WORK ORDER:
So that the copy stays text only, transcribe the data below exactly and exclude the images.

[[ INFORMATION SUPPLIED open ]]

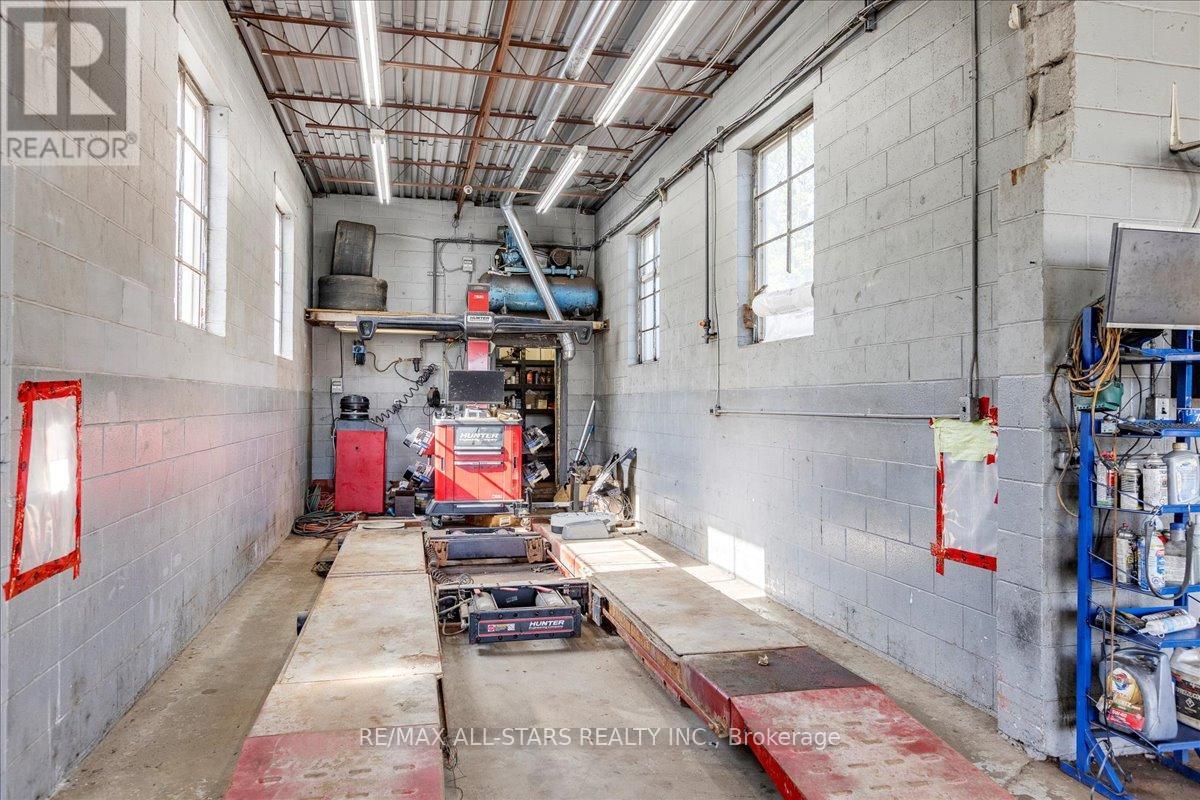 14806 Woodbine Avenue, Whitchurch-Stouffville, Ontario L4A 2C9 - Photo 26 - N12595170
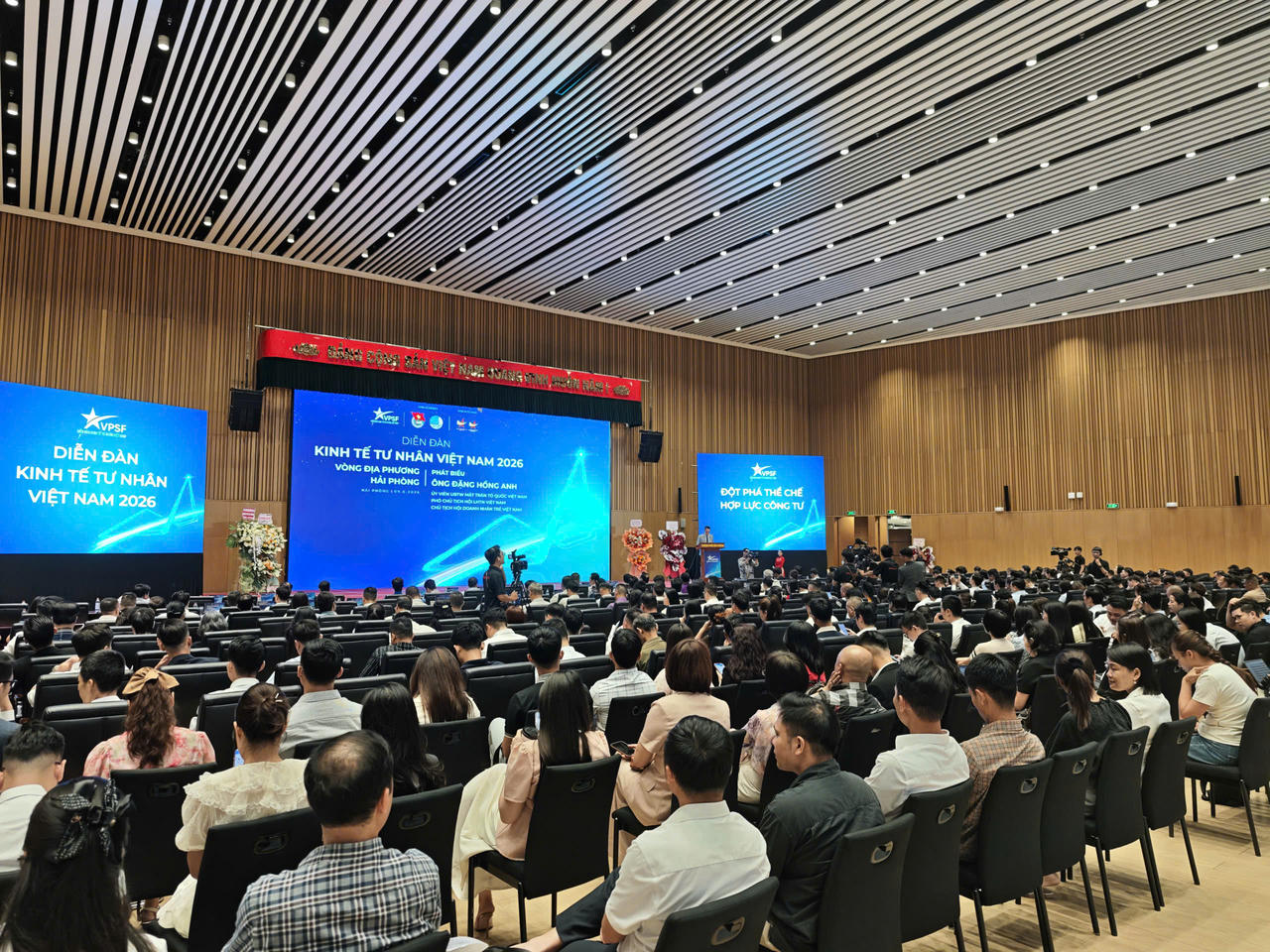 Đối thoại, kết nối nguồn lực phát triển kinh tế tư nhân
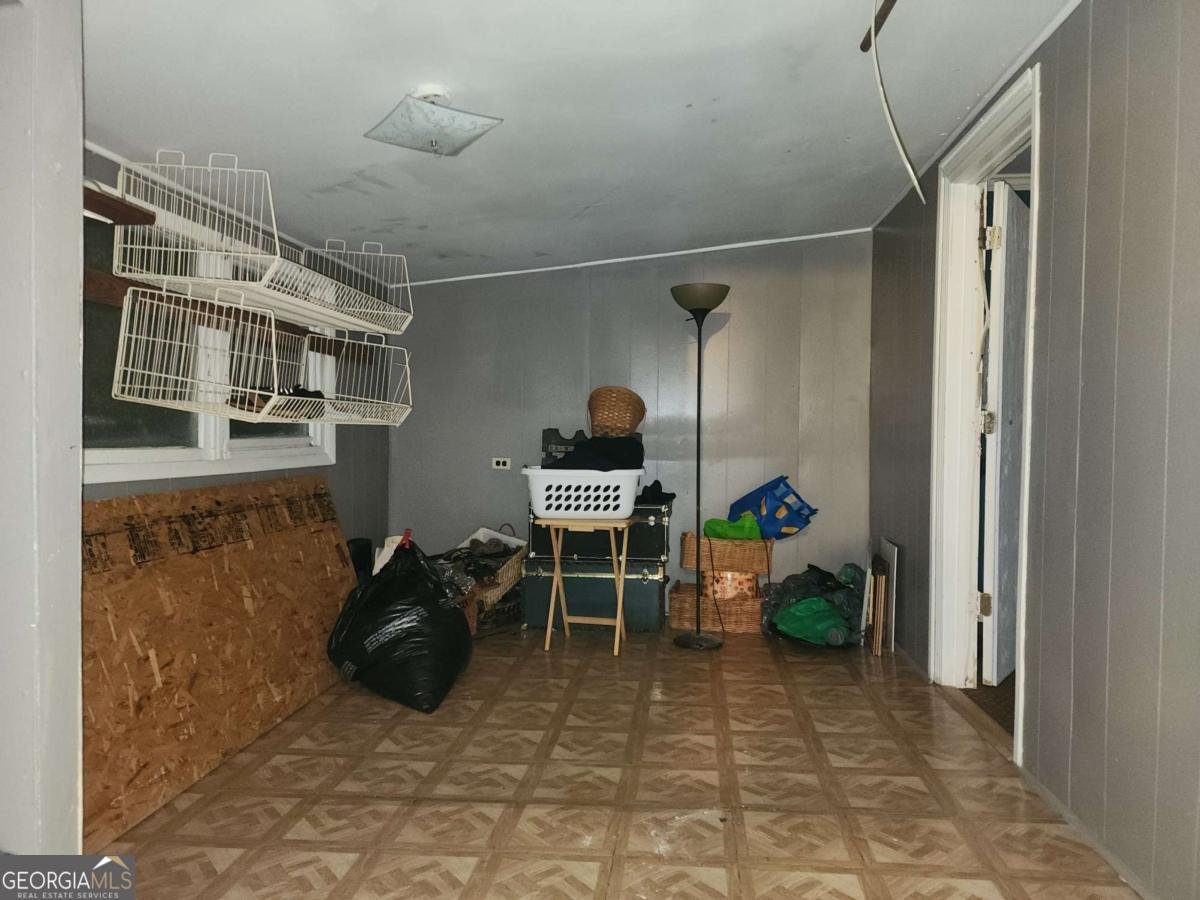 6745 Camp Valley Road Riverdale - 24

[[ INFORMATION SUPPLIED closed ]]

WRITTEN REPLY:
 14806 Woodbine Avenue, Whitchurch-Stouffville, Ontario L4A 2C9 - Photo 26 - N12595170
 Đối thoại, kết nối nguồn lực phát triển kinh tế tư nhân
 6745 Camp Valley Road Riverdale - 24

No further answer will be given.